“Some say the world will end in fire, some say in ice,” the poet Robert Frost mused in 1920. Frost famously held “with those who favor fire,” and that poetic view surprisingly coincides with mainstream scientific consensus about the end of the world, which states the sun will in some seven billion to eight billion years evolve into a red giant star that will scorch and perhaps even engulf Earth.
Yet when that happens, Earth will already have been dead for billions of years, and will more resemble present-day Venus. As the sun slowly brightens over time on its path to becoming a red giant, it will eventually cross a critical threshold in which its luminosity surpasses our planet’s ability to dissipate absorbed radiation out into space. At that point, somewhere between one billion and three billion years from now, Earth’s surface temperature will steadily rise until the boiling oceans throw a thick blanket of steamy water vapor around the planet. All that water vapor, itself a potent greenhouse gas, will raise temperatures higher still to cook another greenhouse gas, carbon dioxide, out of Earth’s rocks. The end result will be a “runaway greenhouse” in which the planet loses its water to space and bakes beneath a crushing atmosphere of almost pure carbon dioxide.
Earlier this year, for the first time in human history, atmospheric carbon dioxide reached 400 parts per million (ppm), surpassing a preindustrial average of about 280 ppm that has prevailed with slight variations for the past several million years. Pessimistic projections from the United Nations Intergovernmental Panel on Climate Change forecast atmospheric carbon dioxide levels soaring beyond 1,000 ppm later this century. As the world warms not from a brightening sun but from fossil fuel–burning humans, some scientists have wondered just how close our planet might be to tumbling into a runaway state. Studies in the 1980s and ‘90s suggested the present-day Earth was safe against a runaway, but a paper published this week in Nature Geoscience argues that “the runaway greenhouse may be much easier to initiate than previously thought.” Indeed, the study suggests that without the cooling effects of certain types of clouds, modern Earth would already be well on its way to broiling like Venus. (Scientific American is part of Nature Publishing Group.)
According to the study’s lead author, Colin Goldblatt of the University of Victoria in British Columbia, the disturbing result hinges less on carbon dioxide and more on humble water vapor, which recent investigations have shown absorbs solar radiation more efficiently than previously believed. “The old answer was that a runaway on Earth right now was theoretically impossible,” Goldblatt says. “Even if you evaporated a big chunk of ocean it would just rain back out, because the water vapor would radiate away more thermal energy than it absorbed through sunlight.
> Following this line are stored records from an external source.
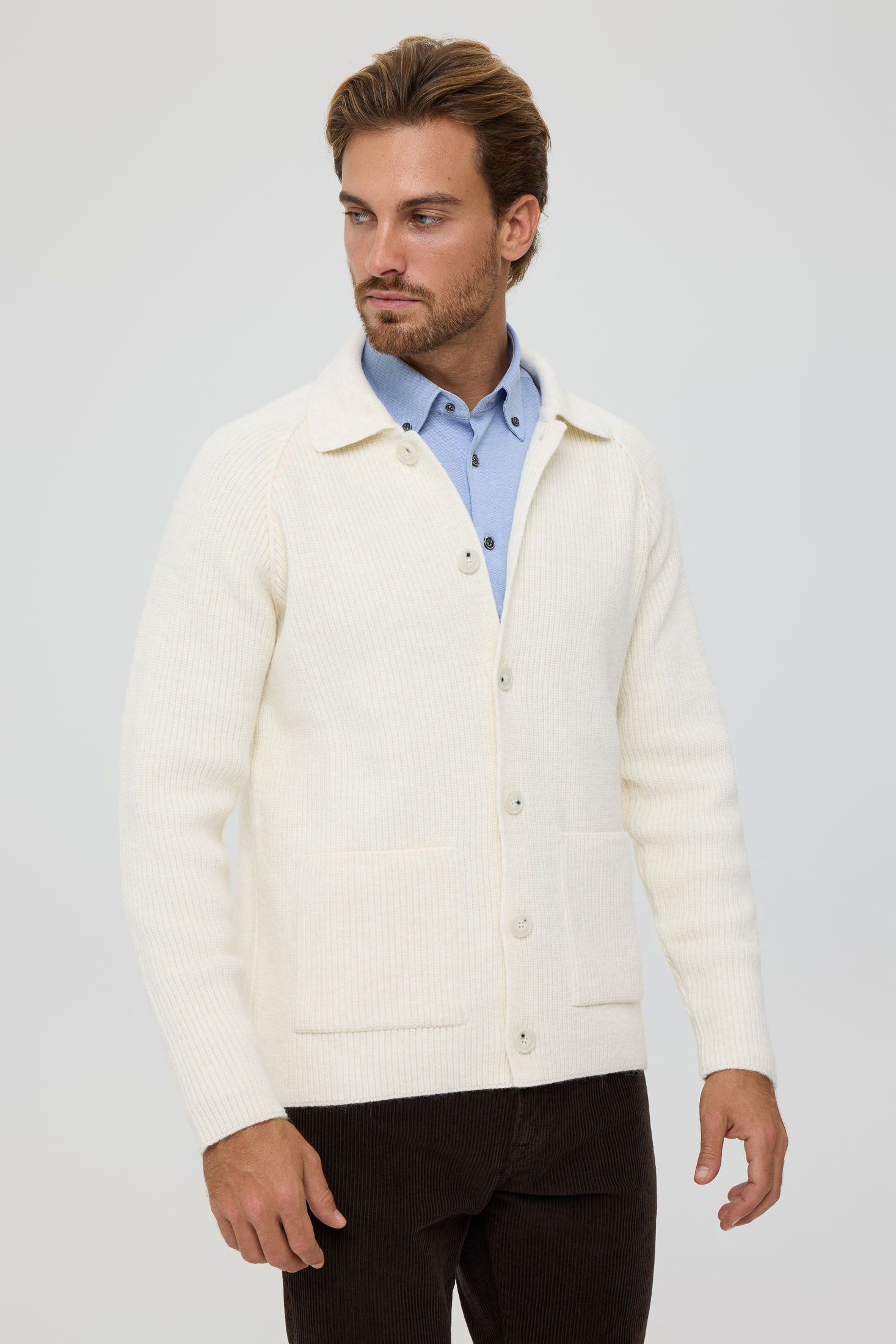 Hochwertiger Herren-Strickcardigan mit Knöpfen – Rippstrickstruktur | Modell 8027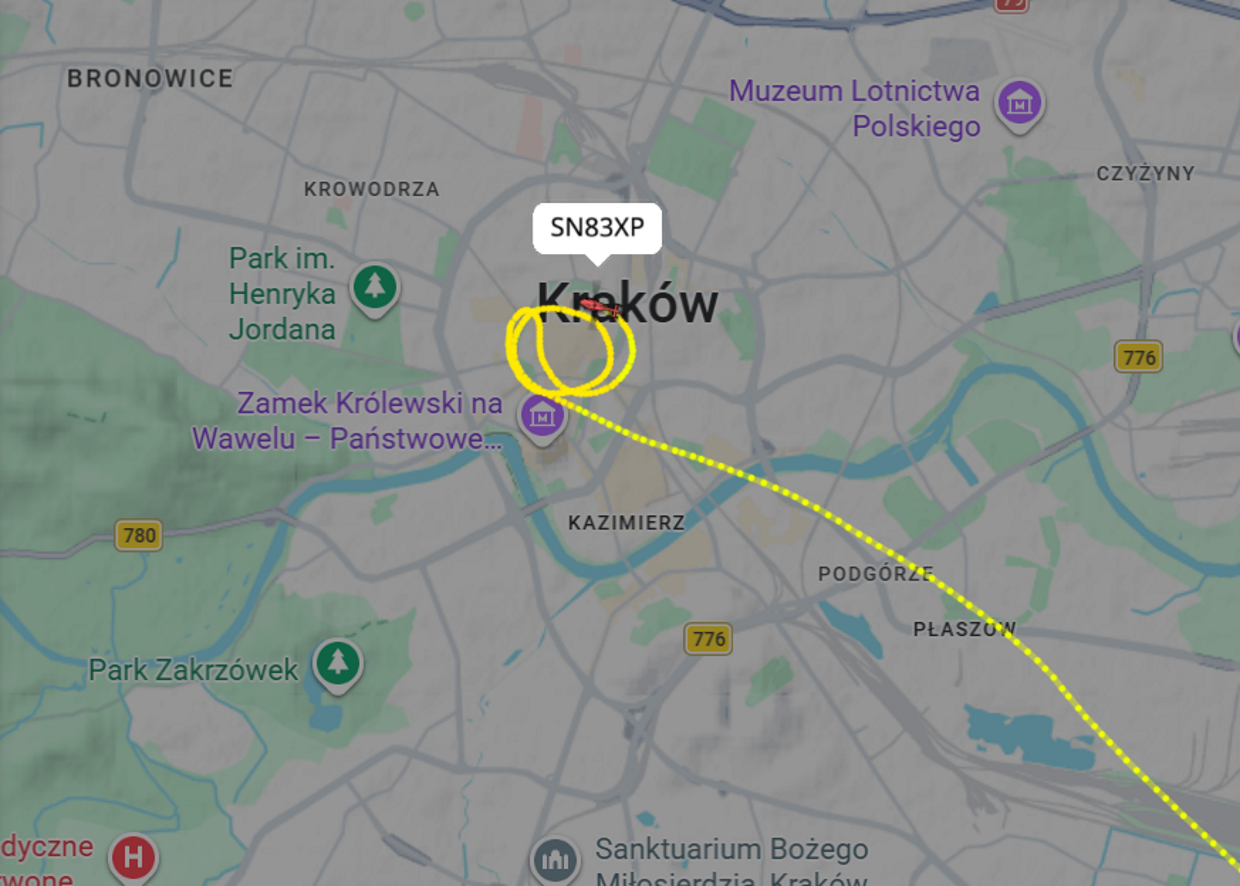 Nad centrum Krakowa lata policyjny śmigłowiec. Wyjaśniamy dlaczego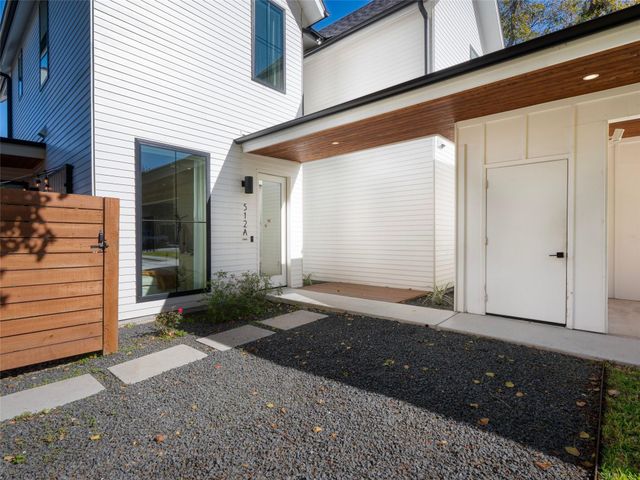 512 Sacramento DR A, Austin, TX 78704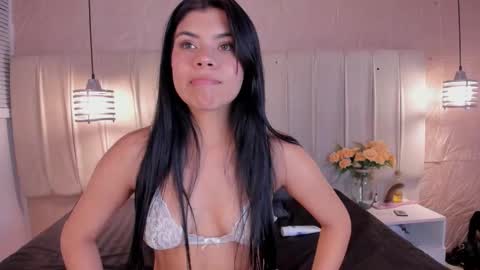 Snapshot of avy_cb chatting on February 1, 2026, 3:27 am avy_cb online show from February 1, 2026, 3:27 am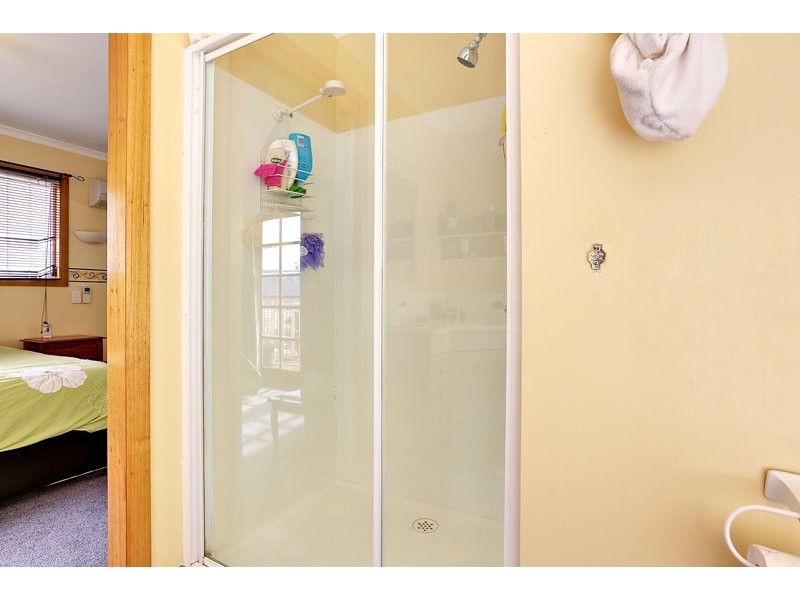 9 Langura Ave, Chigwell TAS 7011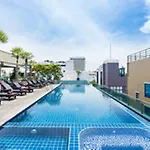 ซี มี สปริง ทู โฮเทล โรงแรม 3*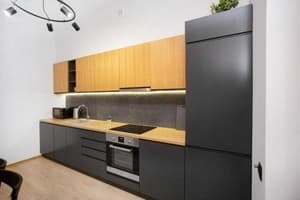 Апарт-отель Old City FORUM Apartments. Люкс трехместный с балконом 1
Our new calculations show that a water vapor–rich atmosphere absorbs more sunlight and lets out less heat than previously thought, enough to put the Earth into a runaway from which there would be no return.”
The upside of the new study is that even though a climate runaway may be possible in theory, it remains very difficult to cause in practice through human greenhouse gas emissions. “We’ve estimated how much carbon dioxide would be required to get this steamy atmosphere, and the answer is about 30,000 ppm of atmospheric carbon dioxide, which is actually good news in terms of anthropogenic climate change,” Goldblatt says. Thirty thousand ppm is about 10 times more carbon dioxide than most experts estimate could be released from burning all available fossil fuels, he notes, although such high values could in theory be reached by releasing large amounts of carbon dioxide from the Earth’s vast deposits of limestone and other carbonate rocks.